The article follows up by linking to a New York Times investigative piece (via a hyperlink labeled “CNY lawsuit”) that details a lawsuit filed against the holding company for alleged tax evasion and fraud. This link provides a broader context: the NYSTF’s audit identified “off‑balance‑sheet” entities that were siphoning revenue from the main company, which the court has now ordered to reimburse. The article argues that the CNY case underscores the need for the state to tighten its corporate registration oversight.
5. Consequences for the Debt‑Bearing Firms
The author explains that unpaid tax balances of the magnitude seen in the list trigger a cascade of enforcement actions:
- Interest and Penalties: NYSTF applies a daily interest rate (currently 6% per annum) plus a 5% penalty on each missed payment. Over multiple years, the balances can inflate rapidly.
- Legal Action: The state can file a civil suit to garnish wages or seize assets. A link to the NYSTF “Legal Enforcement” page details the procedural steps.
- Creditor’s Claims: The article quotes a state attorney general’s office statement (via a hyperlink to the “Attorney General Office” page) that the state may pursue “priority creditor” claims against property and bank accounts.
- Business Reputation: A separate business‑credit‑reporting agency’s page is linked to show how unpaid tax debts affect a company’s credit score, potentially hampering future financing.
The author uses these enforcement details to illustrate that the listed companies are not merely facing a financial penalty; they risk a full tax‑collection campaign that could lead to liquidation or bankruptcy if the debts remain unresolved.
6. What the Data Means for New York’s Economy
The article culminates in an analysis of the macro‑economic implications. The NYSTF’s “Tax Collection Summary” (linked in the final paragraph) indicates that state tax collections dipped by 3% year‑on‑year in 2025, largely due to the heavy debt load in the manufacturing and construction sectors. The author points out that the tax‑deadbeat list includes companies that collectively owe $7.4 million in unpaid state taxes—a significant fraction of the $250 million total tax shortfall reported for the year.

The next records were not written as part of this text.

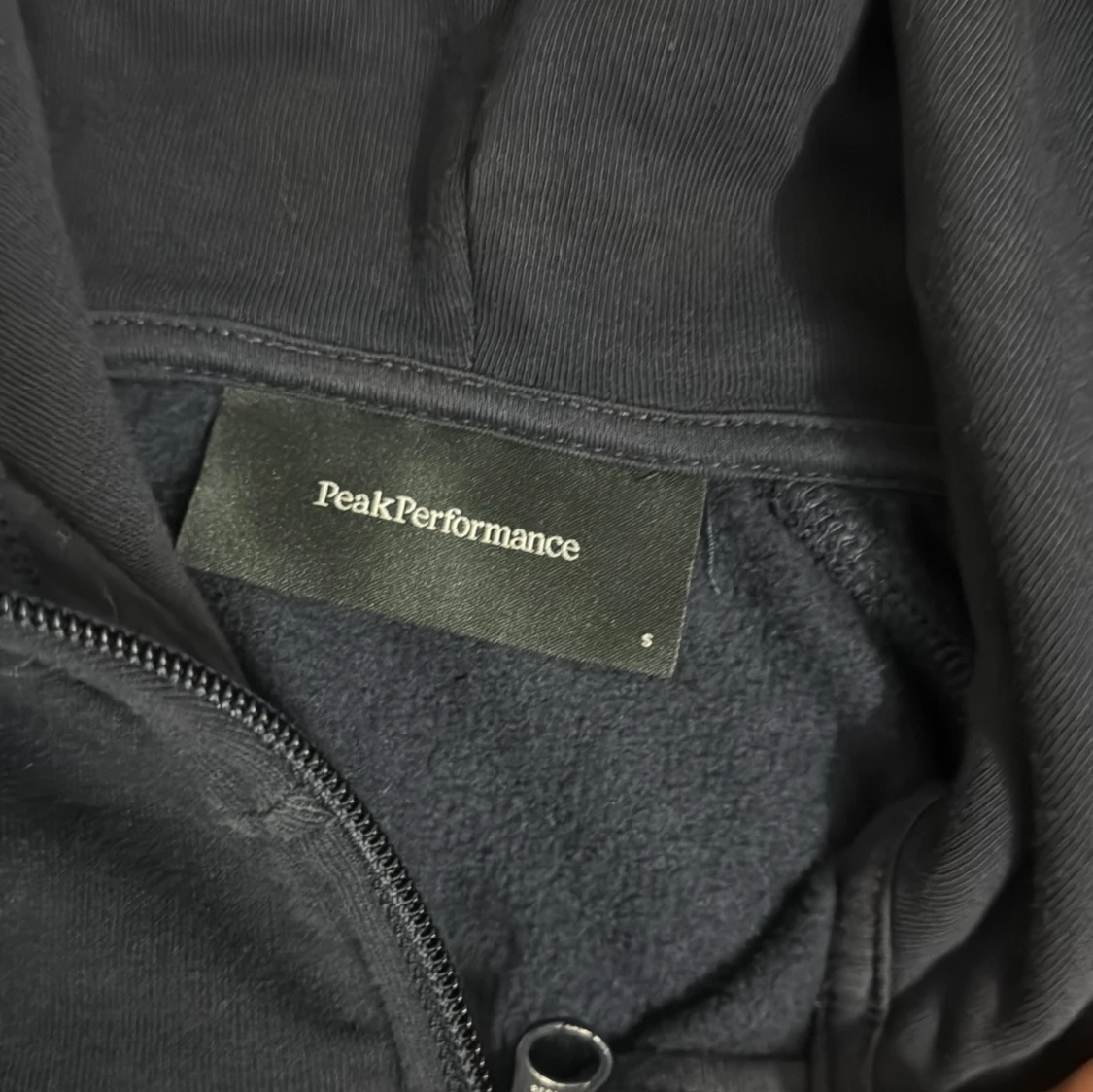 Mörkblå hoodie från Peak Performance - 1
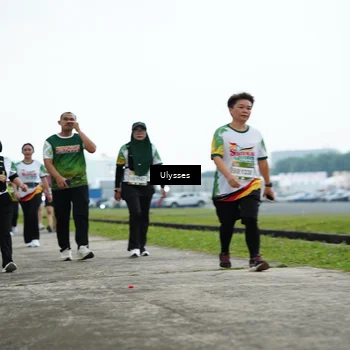 Runner Photo 7654415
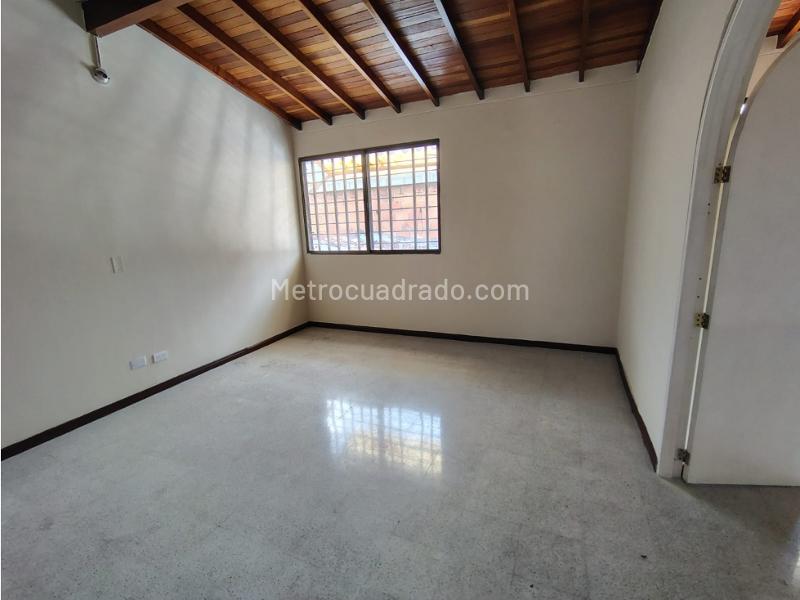 Commercial 3BR House in Suramericana - 6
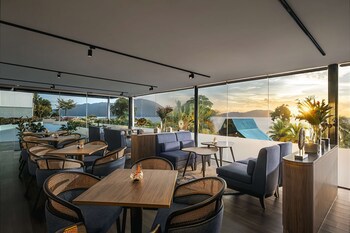 Doubletree By Hilton Damai Laut Resort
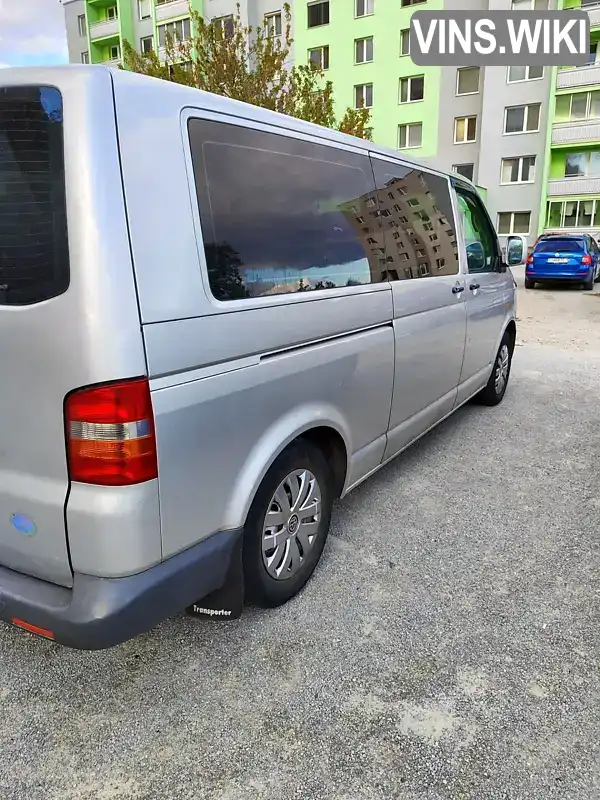 WV1ZZZ7HZ4H088107 Volkswagen Transporter 2004 Мінівен 2.5 л. Фото 9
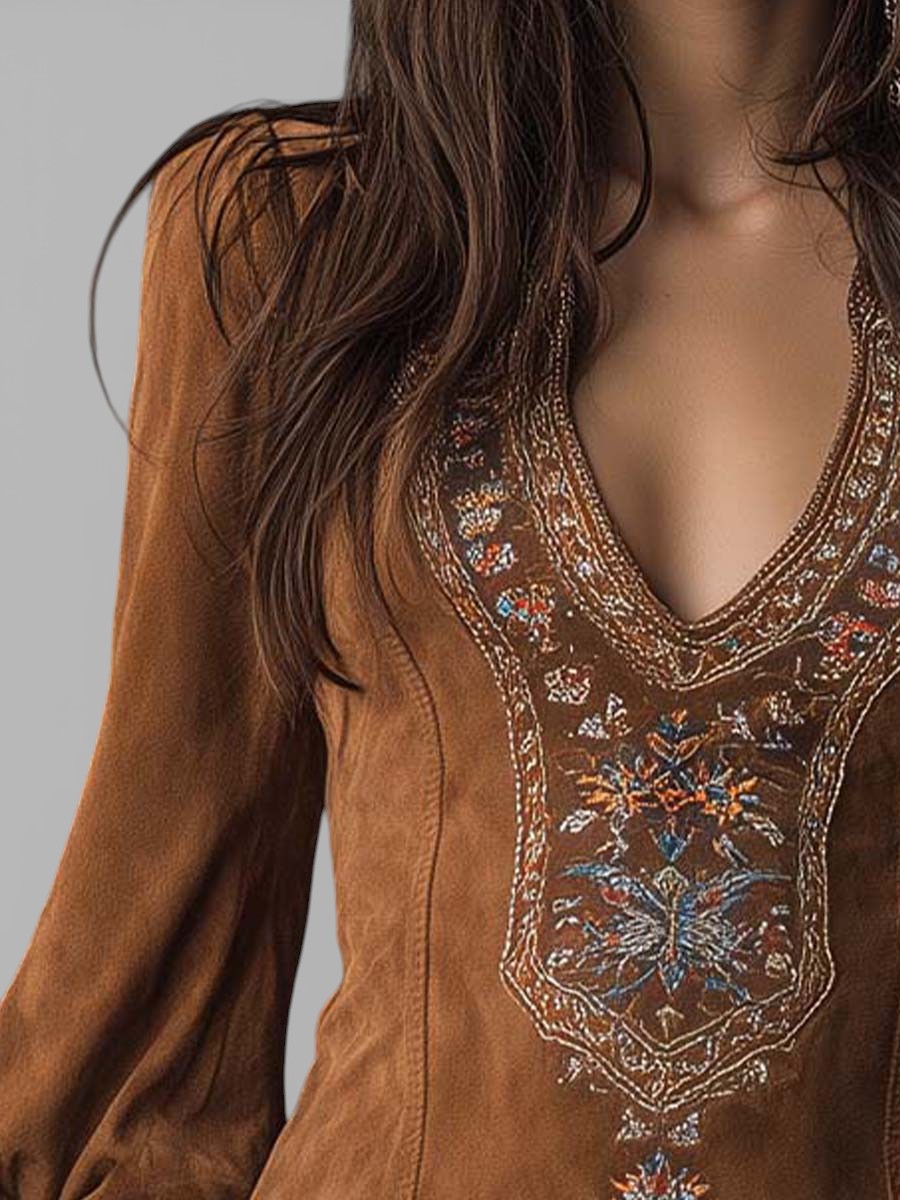 Vestido Feminino Curto Boho de Camurça com Bordado Floral – Marrakesh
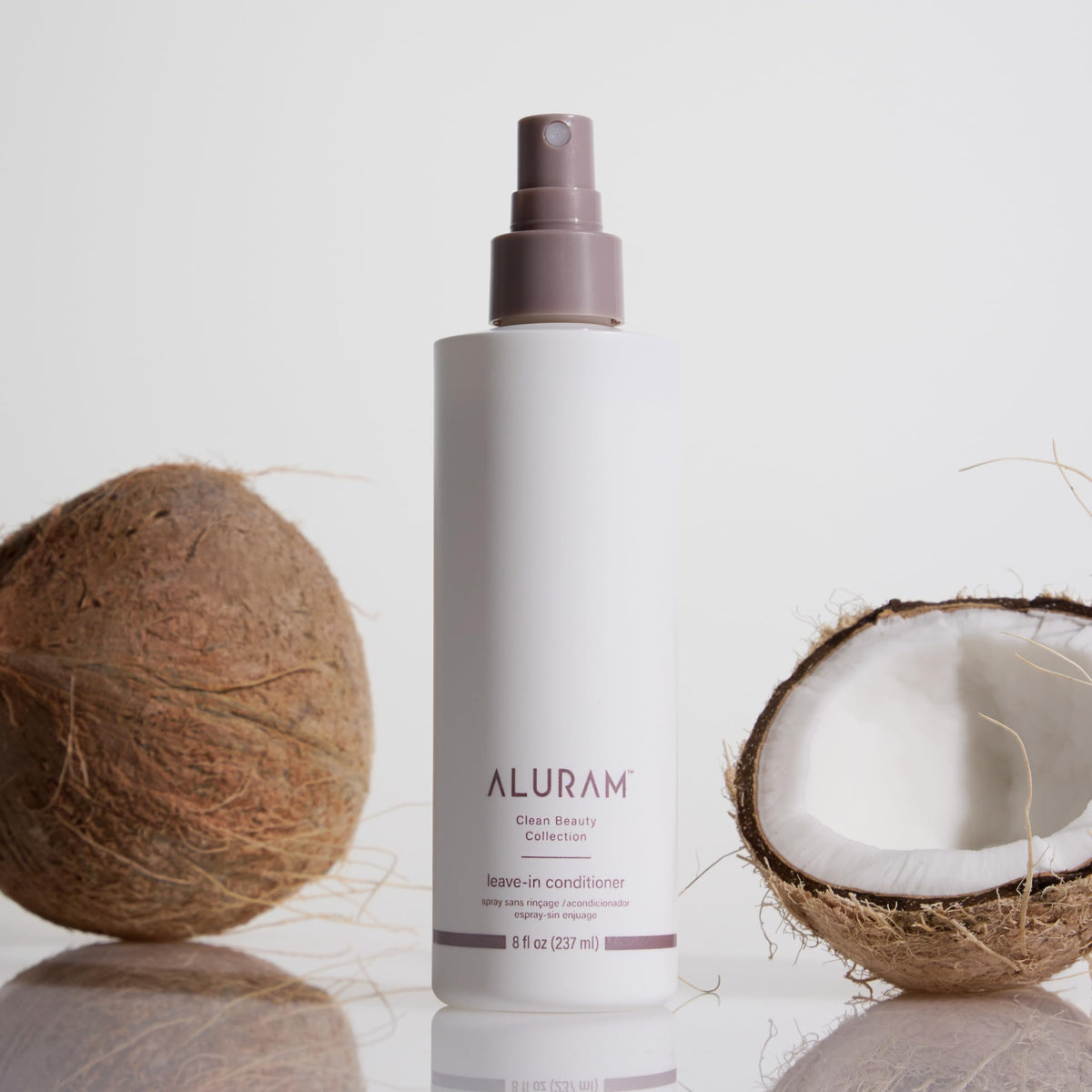 ALURAM mist on hair texture showing improved detangling and softness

The piece concludes with a call to action: businesses should prioritize compliance and seek advisory services early. The author links to a “Business Tax Compliance Toolkit” published by the NY State Small Business Development Center, which offers checklists, tax‑planning webinars, and a directory of certified tax advisors.
7. Takeaway
In sum, Syracuse.com’s article provides a thorough, data‑driven snapshot of the most significant tax‑debt cases in New York as of December 2025. By weaving in official NYSTF data, cross‑referencing investigative reporting on the CNY case, and contextualizing the findings with broader industry trends, the piece paints a comprehensive picture of why certain businesses have become the state’s biggest tax “deadbeats.” It serves as a useful resource for policymakers, business owners, and investors who need to understand where the state’s compliance gaps lie and how they might be addressed in the coming fiscal cycle.